Has anyone else watched Ryan Murphy's new Netflix series Hollywood?  I just binged it today and was entertained despite the usual Ryan Murphy "WTF is he doing?" too-much-ness -- which is present here but relatively under control, at least by his own often-demented standards.  Revisionist "alternative history" narratives have been in vogue lately, but I can't think of one as determinedly sunny as this -- which, in our current real-life dystopia, makes it an enjoyable confection even if, in the end, what we're being asked to swallow is largely empty calories.


DiveMilw

I started watching a couple of weeks ago.  I watched an episode at work Friday night and thought it was #3 but really it was only #2.  A LOT happened in the pilot.  I'm liking it so far but, being a Ryan Murphy creation, I assume there will be much over the top stuff and then it will fizzle out if it continues for a number of seasons.  The first season is usually very good and then the shows get really wild and then tepid. 
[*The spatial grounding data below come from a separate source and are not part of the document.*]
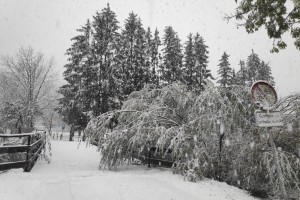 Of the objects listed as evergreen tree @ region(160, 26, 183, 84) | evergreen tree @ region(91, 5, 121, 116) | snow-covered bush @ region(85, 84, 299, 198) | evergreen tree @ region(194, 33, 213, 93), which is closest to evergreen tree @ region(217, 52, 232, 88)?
evergreen tree @ region(194, 33, 213, 93)

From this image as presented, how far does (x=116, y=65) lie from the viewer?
84.8 ft

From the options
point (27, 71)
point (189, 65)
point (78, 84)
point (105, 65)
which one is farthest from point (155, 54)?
point (27, 71)

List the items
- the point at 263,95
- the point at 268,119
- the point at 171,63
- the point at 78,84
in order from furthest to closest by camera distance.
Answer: the point at 171,63, the point at 78,84, the point at 263,95, the point at 268,119

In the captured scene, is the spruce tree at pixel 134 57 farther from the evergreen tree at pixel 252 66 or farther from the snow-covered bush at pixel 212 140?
the evergreen tree at pixel 252 66

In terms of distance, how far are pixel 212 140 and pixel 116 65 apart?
18.1m

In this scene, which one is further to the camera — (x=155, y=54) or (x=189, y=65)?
(x=189, y=65)

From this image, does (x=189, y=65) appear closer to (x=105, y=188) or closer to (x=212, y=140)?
(x=212, y=140)

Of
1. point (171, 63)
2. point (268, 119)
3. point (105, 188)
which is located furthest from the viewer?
point (171, 63)

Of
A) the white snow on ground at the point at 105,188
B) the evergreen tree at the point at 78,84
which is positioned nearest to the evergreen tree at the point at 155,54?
the evergreen tree at the point at 78,84

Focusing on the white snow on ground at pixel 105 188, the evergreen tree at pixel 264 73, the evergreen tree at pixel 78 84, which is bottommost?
the white snow on ground at pixel 105 188

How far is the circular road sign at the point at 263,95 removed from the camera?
4961mm

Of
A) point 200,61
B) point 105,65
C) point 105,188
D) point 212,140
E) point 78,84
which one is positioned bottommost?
point 105,188

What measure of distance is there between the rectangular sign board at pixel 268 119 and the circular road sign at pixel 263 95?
141mm

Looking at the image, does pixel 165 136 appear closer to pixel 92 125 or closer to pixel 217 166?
pixel 217 166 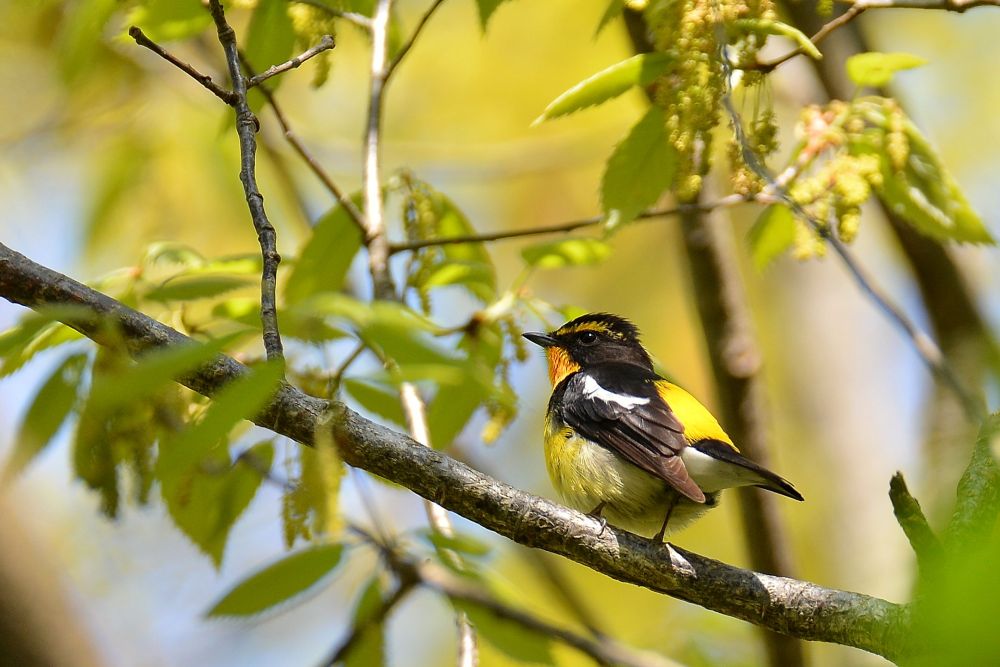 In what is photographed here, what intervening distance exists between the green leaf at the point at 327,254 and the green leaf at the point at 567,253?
616 millimetres

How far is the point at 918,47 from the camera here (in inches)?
311

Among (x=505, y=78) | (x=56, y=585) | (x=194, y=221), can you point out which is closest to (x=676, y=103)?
(x=56, y=585)

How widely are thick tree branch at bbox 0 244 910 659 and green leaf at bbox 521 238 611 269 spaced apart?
94 centimetres

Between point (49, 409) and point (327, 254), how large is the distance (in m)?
1.02

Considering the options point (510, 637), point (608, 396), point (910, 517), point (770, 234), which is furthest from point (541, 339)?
point (910, 517)

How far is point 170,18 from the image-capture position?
284 cm

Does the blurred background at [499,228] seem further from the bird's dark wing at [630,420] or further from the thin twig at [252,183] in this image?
the thin twig at [252,183]

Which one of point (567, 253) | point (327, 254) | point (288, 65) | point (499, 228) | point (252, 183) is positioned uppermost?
point (288, 65)

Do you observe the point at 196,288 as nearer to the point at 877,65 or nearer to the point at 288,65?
the point at 288,65

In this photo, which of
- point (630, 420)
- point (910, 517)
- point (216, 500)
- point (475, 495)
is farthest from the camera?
point (630, 420)

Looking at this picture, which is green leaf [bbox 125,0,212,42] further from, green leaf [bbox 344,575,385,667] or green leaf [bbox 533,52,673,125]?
green leaf [bbox 344,575,385,667]

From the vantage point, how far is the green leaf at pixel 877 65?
2.65m

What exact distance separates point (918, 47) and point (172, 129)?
563 cm

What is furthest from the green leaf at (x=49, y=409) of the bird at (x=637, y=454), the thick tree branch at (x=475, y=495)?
the bird at (x=637, y=454) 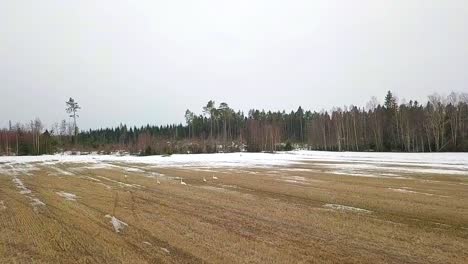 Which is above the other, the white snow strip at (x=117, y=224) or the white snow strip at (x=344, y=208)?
the white snow strip at (x=117, y=224)

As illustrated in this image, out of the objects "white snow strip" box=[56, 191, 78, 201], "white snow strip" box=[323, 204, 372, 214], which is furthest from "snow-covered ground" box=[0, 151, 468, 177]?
"white snow strip" box=[56, 191, 78, 201]

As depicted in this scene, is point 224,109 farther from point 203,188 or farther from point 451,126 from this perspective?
point 203,188

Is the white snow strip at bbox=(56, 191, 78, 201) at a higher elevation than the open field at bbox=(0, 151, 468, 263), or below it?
higher

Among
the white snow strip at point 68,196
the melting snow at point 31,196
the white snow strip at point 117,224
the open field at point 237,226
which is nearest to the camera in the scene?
the open field at point 237,226

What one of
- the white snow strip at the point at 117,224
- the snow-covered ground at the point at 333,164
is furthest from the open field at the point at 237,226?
the snow-covered ground at the point at 333,164

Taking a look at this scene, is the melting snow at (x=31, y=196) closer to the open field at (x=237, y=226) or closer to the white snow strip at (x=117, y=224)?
the open field at (x=237, y=226)

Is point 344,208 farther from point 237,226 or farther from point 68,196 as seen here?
point 68,196

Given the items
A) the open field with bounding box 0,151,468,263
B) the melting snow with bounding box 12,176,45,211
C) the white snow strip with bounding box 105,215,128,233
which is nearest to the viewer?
the open field with bounding box 0,151,468,263

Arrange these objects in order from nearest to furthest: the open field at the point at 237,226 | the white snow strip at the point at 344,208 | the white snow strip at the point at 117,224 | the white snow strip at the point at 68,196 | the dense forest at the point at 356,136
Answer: the open field at the point at 237,226 < the white snow strip at the point at 117,224 < the white snow strip at the point at 344,208 < the white snow strip at the point at 68,196 < the dense forest at the point at 356,136

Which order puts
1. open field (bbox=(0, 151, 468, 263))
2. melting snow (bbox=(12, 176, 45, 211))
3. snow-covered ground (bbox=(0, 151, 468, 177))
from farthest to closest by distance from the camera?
snow-covered ground (bbox=(0, 151, 468, 177)) → melting snow (bbox=(12, 176, 45, 211)) → open field (bbox=(0, 151, 468, 263))

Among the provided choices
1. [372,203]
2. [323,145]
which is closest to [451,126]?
[323,145]

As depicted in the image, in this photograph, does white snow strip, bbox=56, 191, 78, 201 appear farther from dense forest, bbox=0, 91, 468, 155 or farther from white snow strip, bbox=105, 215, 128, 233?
dense forest, bbox=0, 91, 468, 155

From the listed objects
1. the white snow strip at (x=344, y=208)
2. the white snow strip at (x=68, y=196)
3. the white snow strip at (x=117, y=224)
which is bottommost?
the white snow strip at (x=344, y=208)

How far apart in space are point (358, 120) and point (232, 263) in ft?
332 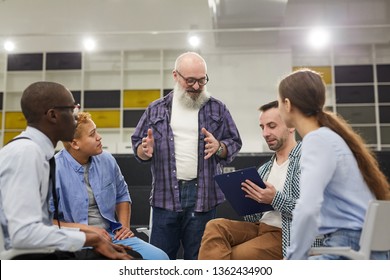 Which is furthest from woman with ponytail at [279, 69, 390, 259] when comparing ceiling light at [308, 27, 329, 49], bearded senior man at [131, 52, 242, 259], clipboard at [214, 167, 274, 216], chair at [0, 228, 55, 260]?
ceiling light at [308, 27, 329, 49]

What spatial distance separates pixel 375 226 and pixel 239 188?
0.63 metres

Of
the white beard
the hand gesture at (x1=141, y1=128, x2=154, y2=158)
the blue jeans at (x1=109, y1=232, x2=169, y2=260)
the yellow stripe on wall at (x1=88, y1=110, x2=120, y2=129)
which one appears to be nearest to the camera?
the blue jeans at (x1=109, y1=232, x2=169, y2=260)

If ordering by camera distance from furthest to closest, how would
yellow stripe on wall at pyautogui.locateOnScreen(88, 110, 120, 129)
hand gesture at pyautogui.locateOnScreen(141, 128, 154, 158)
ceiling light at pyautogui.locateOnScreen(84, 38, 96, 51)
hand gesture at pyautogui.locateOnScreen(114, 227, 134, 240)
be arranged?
ceiling light at pyautogui.locateOnScreen(84, 38, 96, 51), yellow stripe on wall at pyautogui.locateOnScreen(88, 110, 120, 129), hand gesture at pyautogui.locateOnScreen(141, 128, 154, 158), hand gesture at pyautogui.locateOnScreen(114, 227, 134, 240)

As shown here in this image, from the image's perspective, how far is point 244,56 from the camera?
745 centimetres

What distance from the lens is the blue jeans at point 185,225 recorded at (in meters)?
2.24

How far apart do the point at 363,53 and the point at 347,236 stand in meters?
6.72

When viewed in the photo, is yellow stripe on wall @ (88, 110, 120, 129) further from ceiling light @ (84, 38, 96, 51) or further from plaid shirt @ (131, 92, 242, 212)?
plaid shirt @ (131, 92, 242, 212)

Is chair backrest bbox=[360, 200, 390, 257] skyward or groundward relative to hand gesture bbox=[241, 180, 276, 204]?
groundward

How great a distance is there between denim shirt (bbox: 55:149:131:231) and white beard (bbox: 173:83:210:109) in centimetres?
50

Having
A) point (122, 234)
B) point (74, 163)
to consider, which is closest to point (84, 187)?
point (74, 163)

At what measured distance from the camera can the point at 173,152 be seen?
2297 mm

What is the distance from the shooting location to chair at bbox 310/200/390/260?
1241 millimetres

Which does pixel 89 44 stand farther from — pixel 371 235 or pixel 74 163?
pixel 371 235

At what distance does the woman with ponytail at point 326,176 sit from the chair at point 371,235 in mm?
34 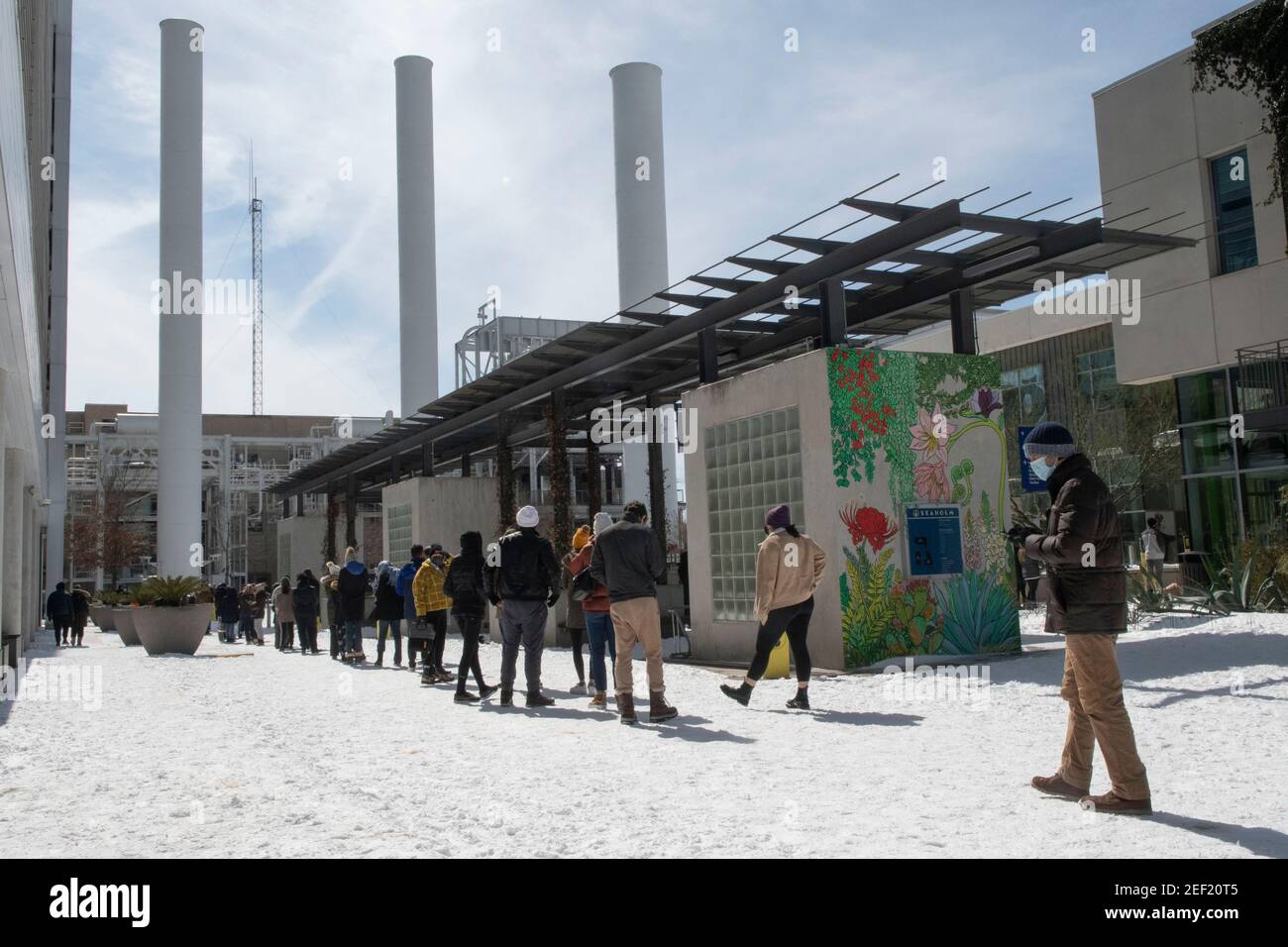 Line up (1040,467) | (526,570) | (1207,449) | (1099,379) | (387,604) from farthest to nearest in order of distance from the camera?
(1099,379), (1207,449), (387,604), (526,570), (1040,467)

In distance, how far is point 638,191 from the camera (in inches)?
1570

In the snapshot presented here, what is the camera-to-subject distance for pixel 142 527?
60.0 m

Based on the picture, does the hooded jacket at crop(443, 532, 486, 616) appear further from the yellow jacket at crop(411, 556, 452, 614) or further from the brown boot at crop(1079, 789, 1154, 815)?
the brown boot at crop(1079, 789, 1154, 815)

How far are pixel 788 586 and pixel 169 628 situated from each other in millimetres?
14705

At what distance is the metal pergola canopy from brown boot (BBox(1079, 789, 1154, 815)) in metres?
7.01

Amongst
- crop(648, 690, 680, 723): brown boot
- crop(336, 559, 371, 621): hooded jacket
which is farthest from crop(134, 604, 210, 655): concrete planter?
crop(648, 690, 680, 723): brown boot

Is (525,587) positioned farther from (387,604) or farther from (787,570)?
(387,604)

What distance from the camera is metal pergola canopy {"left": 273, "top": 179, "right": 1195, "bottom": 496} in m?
11.5

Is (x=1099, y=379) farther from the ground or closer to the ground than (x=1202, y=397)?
farther from the ground

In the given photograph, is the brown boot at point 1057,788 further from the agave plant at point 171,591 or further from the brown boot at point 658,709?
the agave plant at point 171,591

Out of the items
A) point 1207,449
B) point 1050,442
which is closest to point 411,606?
point 1050,442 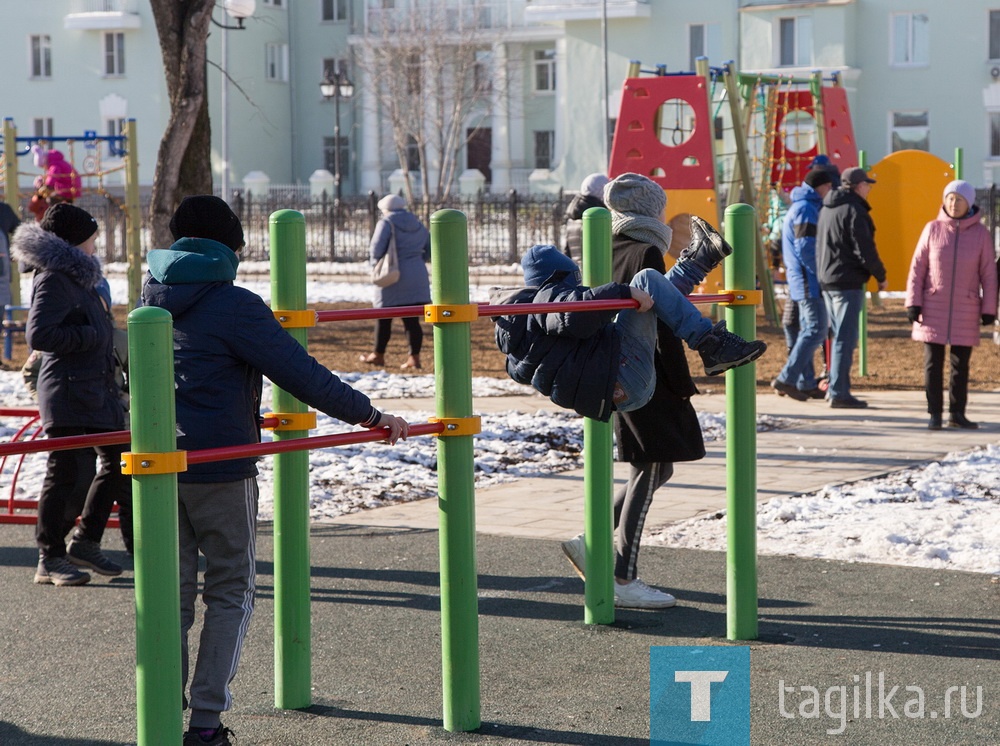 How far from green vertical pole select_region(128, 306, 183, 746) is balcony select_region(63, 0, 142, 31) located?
51.0 m

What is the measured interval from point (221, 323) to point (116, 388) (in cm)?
257

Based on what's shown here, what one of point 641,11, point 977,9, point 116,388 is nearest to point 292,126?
point 641,11

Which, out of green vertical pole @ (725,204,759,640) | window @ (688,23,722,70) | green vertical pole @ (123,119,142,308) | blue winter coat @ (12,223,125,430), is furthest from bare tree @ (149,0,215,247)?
window @ (688,23,722,70)

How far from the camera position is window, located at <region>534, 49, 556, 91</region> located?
5394 cm

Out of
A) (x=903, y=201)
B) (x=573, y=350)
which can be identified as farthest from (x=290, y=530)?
(x=903, y=201)

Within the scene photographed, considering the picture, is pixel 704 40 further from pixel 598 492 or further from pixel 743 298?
pixel 598 492

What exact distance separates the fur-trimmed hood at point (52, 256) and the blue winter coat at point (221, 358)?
82.4 inches

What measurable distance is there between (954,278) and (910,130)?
38547 mm

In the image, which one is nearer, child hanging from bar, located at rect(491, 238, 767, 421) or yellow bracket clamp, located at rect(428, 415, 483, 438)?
yellow bracket clamp, located at rect(428, 415, 483, 438)

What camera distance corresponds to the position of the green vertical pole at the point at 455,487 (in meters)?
4.50

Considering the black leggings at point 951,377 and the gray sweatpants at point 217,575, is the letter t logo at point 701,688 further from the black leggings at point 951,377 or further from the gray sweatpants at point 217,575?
the black leggings at point 951,377

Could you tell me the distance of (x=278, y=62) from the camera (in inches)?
2223

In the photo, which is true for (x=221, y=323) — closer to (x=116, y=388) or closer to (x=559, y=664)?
(x=559, y=664)

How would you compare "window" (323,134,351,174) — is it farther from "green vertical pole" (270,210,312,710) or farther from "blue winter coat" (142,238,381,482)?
"blue winter coat" (142,238,381,482) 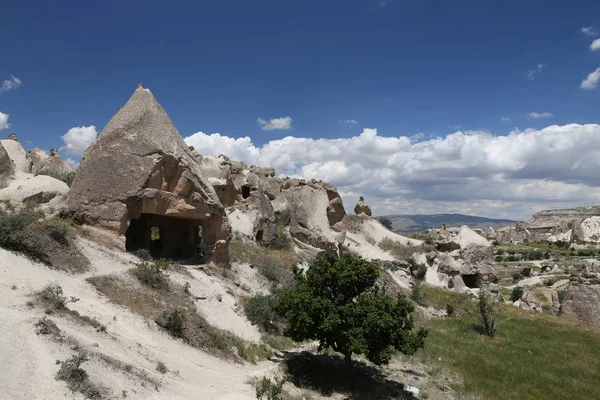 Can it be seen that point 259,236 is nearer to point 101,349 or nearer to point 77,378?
point 101,349

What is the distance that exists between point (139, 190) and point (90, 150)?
2.51 m

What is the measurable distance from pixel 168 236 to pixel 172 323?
7.58 m

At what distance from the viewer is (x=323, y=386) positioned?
10.6 metres

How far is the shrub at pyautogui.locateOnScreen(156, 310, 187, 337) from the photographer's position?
1059 centimetres

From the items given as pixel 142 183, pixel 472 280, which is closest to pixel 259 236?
pixel 142 183

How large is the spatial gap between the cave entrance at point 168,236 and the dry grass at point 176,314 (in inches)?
198

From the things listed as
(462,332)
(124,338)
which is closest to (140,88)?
(124,338)

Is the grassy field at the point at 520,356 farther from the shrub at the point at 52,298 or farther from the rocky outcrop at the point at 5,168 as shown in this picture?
the rocky outcrop at the point at 5,168

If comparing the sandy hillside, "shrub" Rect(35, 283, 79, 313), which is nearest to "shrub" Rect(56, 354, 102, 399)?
the sandy hillside

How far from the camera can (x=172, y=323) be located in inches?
418

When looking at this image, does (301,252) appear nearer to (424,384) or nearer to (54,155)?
(424,384)

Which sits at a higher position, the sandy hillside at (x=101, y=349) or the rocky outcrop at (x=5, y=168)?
the rocky outcrop at (x=5, y=168)

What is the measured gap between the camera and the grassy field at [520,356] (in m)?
12.5

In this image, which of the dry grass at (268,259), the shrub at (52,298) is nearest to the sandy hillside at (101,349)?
the shrub at (52,298) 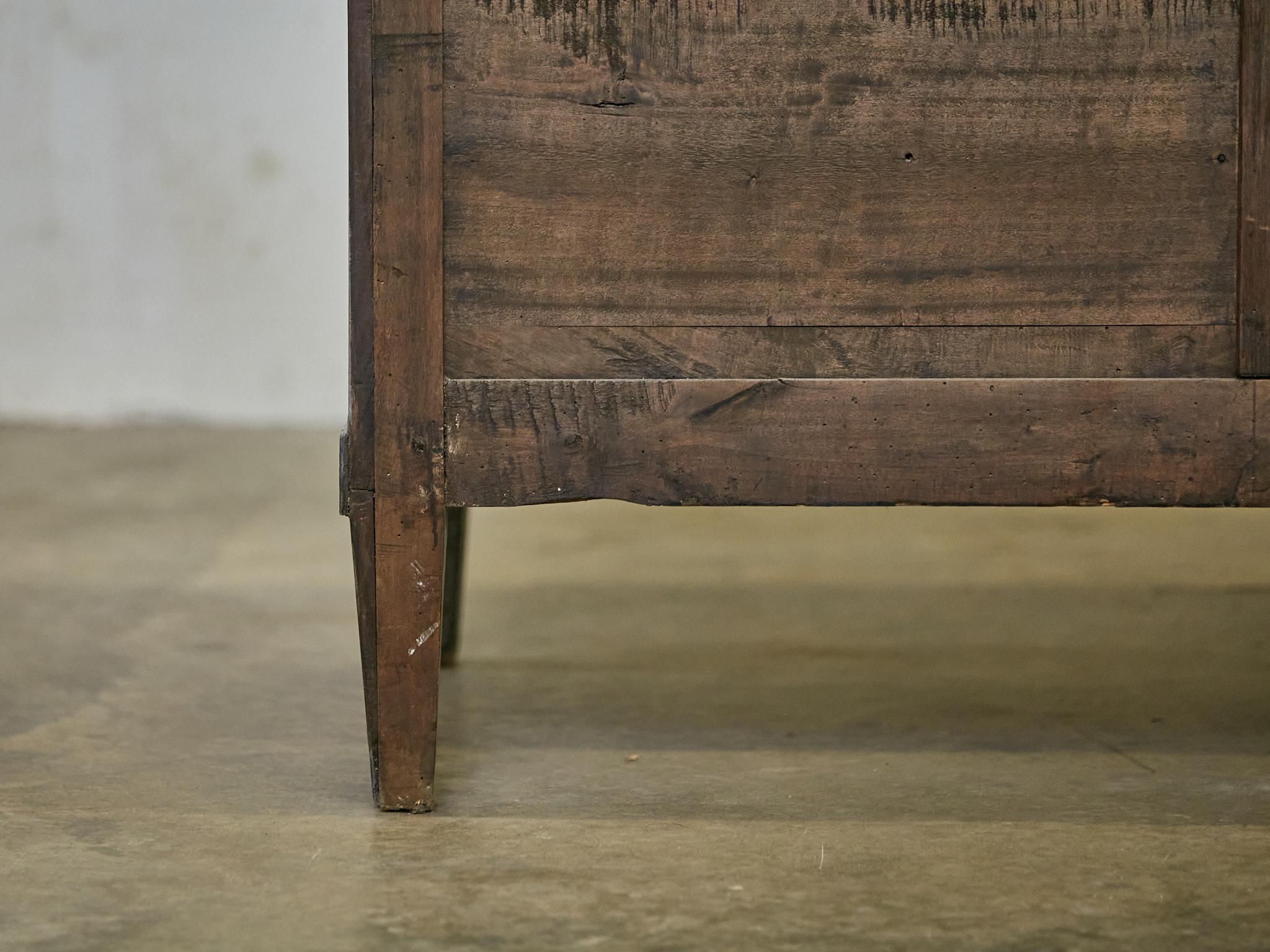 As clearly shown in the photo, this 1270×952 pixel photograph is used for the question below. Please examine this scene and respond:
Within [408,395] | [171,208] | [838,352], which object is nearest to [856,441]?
[838,352]

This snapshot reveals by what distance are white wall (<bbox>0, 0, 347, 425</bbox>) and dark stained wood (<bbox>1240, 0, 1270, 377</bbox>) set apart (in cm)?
433

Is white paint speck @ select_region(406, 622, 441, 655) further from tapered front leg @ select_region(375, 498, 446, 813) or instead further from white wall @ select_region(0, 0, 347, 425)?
white wall @ select_region(0, 0, 347, 425)

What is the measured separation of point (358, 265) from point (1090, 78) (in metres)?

American Horror Story may be an exception to that.  I couldn't get past the first season.  I thought it tried too hard to be shocking and just couldn't take it.  I even tried a different season but didn't care enough about it to finish.  Many of my friends really liked the show but it never caught me for some reason.
I no longer long for the old view!

scenicdesign71

#2
I've renamed this thread, which was originally dedicated to Hollywood.  The Film section has its own "Movies That Don't Deserve Their Own Thread" thread, so I figure television should have one too.

Specifically, I wanted an umbrella "Don't-Deserve" TV thread today because I just finished watching Ratched (also by Murphy, also on Netflix) last night, but didn't want to start an entire thread for it.  (Not to obsess over Murphy or Netflix, but, come to think of it, his first show for them, The Politician, also really belongs on this thread.  Or conversely, maybe I should try to be less judgy and just make this a Ryan Murphy thread, for pans and praises alike.  Decisions, decisions...).

I don't even have a whole lot to say about Ratched -- I guess I could waste an inordinate number of words on its loopy plotting and head-spinning inconsistency, but sifting though it all would only make my brain ache.  Like Hollywood, I got through the new show's entire first season in just a few days, and might even go back for more whenever a second gets made (though I have yet to grit my teeth and even really seriously consider watching The Politician's S2).  But like a solid majority of Murphy's work as a "creator", his latest is the guiltiest of guilty pleasures.  (Out of the writer's chair, he seems on solider ground: I liked the film of The Normal Heart he directed for HBO quite a lot, and am looking forward to the Boys in the Band remake that he's executive-producing for Netflix, premiering next week).

What to say?  Ratched's design and cinematography are deliriously gorgeous -- for me, the show's real stars are a triumvirate of greens so disorientingly lush and tactile that they feel like a powerful contact high: the vibrant deep-emerald of the eponymous (anti)heroine's cardigan in the title credits; the electric mint of her spiffy Ford Coupe; and the crisp, luminous chartreuse of Cynthia Nixon's drawing-room curtains. (Not to mention a host of others, from the hospital's haute variations on "institutional" green and its staff's turquoise uniforms, to the velvety late-1940s iterations of sage, celadon, olive and verdigris in various carpets and upholstery there and elsewhere.  Frequent intrusions of livid red notwithstanding, it really is a show about green).

But the dramaturgy is utterly deranged; far too reliant on cartoonishly ugly ultraviolence that makes Murphy's American Horror Story look prim and gentle by comparison; and, more often than not, laughably unworthy of its supremely talented and hardworking cast -- if nothing else, the show is a masterclass on how brilliant performers (in concert, surely, with gifted and sensitive film editors) can sometimes, somehow, build compelling performances even on the quicksand of atrocious writing.

As many have pointed out, Ratched bears, as yet, no plausible connection at all -- narratively, tonally or stylistically -- to the Nurse Ratched we meet in ...Cuckoo's Nest.  With four seasons reportedly planned, and more than a decade's-worth of story to spin before arriving at the present-day of Ken Kesey's novel or Miloš Forman's movie, I suppose there's plenty of time to course-correct -- never mind that the formidable Sarah Paulson was already several years older, while filming the show's Hitchcockian fantasy of 1947-50, than Louise Fletcher was in the movie's grittier, more naturalistic 1963.  There may be hope, but for now the show is a hot mess -- and, ominously for these last several Murphy outings, his shows more generally have a habit, as Tom pointed out, of peaking in their first season and growing only more scattered and incoherent thereafter.  So if things are already this unhinged from the get-go...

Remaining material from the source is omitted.